Technical information
- Licensing authority: FCC
- Facility ID: 34618
- Class: A
- ERP: 6,000 watts
- HAAT: 80 meters (260 ft)

Links
- Public license information: Public file; LMS;
- Webcast: Listen live
- Website: kdmanews.com

= KDMA-FM =

KDMA-FM (93.9 FM) is a radio station licensed to Granite Falls, Minnesota. KDMA-FM airs a full-service/country music format simulcasting with sister station KDMA, and is owned by Iowa City Broadcasting Company, Inc.
== History ==
The station began as a new FM construction permit at Granite Falls, Minnesota. On October 10, 1990, the Federal Communications Commission granted John Linder's application for a new station on 93.9 MHz, authorized for 3,000 watts with an antenna height of 328 feet.
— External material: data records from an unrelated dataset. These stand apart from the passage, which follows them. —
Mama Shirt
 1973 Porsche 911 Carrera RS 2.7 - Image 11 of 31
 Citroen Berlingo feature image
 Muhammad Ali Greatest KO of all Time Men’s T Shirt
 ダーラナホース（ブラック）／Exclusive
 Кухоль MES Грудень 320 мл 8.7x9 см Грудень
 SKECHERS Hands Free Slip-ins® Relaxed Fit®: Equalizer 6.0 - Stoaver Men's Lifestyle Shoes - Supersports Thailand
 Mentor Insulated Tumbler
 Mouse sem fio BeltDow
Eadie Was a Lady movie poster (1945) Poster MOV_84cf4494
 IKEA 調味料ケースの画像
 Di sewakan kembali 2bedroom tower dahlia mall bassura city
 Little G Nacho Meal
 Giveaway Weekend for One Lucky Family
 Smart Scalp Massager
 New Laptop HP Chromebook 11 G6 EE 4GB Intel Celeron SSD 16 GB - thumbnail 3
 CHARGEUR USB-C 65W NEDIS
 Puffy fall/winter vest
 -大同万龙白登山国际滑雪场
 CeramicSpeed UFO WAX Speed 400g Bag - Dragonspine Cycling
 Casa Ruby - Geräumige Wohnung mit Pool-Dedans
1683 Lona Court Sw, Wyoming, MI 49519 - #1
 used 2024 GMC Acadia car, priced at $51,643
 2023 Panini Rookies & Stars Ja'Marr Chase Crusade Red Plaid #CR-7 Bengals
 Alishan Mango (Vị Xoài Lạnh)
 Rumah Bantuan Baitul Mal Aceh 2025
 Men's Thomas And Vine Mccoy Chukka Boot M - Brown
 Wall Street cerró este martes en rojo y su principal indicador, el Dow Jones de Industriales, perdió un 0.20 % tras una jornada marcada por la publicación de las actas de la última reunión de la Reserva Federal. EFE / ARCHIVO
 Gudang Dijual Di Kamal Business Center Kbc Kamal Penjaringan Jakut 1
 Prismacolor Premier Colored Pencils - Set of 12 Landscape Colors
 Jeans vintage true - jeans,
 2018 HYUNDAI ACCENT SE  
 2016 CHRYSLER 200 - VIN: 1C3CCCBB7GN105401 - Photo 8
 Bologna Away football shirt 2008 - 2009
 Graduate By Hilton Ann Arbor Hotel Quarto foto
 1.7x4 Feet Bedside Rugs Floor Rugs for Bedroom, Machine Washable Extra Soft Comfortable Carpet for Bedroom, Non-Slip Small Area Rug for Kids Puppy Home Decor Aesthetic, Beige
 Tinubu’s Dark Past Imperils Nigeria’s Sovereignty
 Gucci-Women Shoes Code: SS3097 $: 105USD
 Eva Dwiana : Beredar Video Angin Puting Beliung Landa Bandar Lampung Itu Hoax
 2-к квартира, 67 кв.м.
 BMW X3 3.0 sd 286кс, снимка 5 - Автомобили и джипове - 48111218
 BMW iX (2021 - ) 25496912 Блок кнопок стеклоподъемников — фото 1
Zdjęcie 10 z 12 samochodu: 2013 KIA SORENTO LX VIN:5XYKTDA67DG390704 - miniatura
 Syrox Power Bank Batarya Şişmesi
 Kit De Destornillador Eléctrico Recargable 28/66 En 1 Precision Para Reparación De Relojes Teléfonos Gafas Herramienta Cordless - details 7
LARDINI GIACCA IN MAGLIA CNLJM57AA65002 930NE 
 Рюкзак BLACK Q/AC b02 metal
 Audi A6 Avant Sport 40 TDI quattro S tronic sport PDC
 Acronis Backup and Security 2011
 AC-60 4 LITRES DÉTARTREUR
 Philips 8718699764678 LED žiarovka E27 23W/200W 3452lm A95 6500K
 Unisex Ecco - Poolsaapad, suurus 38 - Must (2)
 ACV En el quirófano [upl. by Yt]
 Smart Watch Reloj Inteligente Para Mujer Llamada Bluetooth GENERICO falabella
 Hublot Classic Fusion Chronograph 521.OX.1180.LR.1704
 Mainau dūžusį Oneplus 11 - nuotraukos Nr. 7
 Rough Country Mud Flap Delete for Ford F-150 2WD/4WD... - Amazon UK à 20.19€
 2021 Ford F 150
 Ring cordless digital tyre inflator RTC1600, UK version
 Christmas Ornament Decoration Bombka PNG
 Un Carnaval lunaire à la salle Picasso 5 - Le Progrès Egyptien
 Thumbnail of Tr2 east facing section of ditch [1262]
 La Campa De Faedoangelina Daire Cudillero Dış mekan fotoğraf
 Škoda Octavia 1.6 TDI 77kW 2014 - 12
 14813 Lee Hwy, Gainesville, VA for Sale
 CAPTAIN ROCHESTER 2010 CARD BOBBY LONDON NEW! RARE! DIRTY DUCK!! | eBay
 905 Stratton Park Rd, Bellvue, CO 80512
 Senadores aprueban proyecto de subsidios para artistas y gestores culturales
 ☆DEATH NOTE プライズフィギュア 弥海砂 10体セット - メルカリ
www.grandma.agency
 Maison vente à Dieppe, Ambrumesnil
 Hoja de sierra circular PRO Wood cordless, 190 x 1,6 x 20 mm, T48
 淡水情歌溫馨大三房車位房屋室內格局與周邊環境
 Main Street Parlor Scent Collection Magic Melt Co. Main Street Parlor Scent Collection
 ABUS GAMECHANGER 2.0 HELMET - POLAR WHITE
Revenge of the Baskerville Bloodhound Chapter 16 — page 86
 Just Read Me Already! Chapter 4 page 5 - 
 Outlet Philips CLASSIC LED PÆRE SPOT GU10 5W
By 1992, the construction permit was using the call sign KKRC. On August 10, 1992, the FCC granted a modification of the construction permit, increasing the authorized power to 6,000 watts horizontal and vertical, with an antenna height of 80 meters, from a transmitter site 3.9 kilometers from Wegdahl, Minnesota.

By July 1994, KKRC was on the air as "Double-K Country", a country station serving Granite Falls.

In 1997, KKRC was included in a multi-station sale that also involved KDMA (1460 AM) and KMGM (105.5 FM) in Montevideo, Minnesota, and KKXL AM-FM in Grand Forks, North Dakota. Broadcasting & Cable reported the sale price as $2.75 million, with Thomas E. Ingstad of Minneapolis as the buyer and David Ramage of Grand Forks as the seller. The M Street Journal also listed a proposed FCC Form 314 assignment of KKRC from KILO Broadcasting, Inc. to Iowa City Broadcasting Company.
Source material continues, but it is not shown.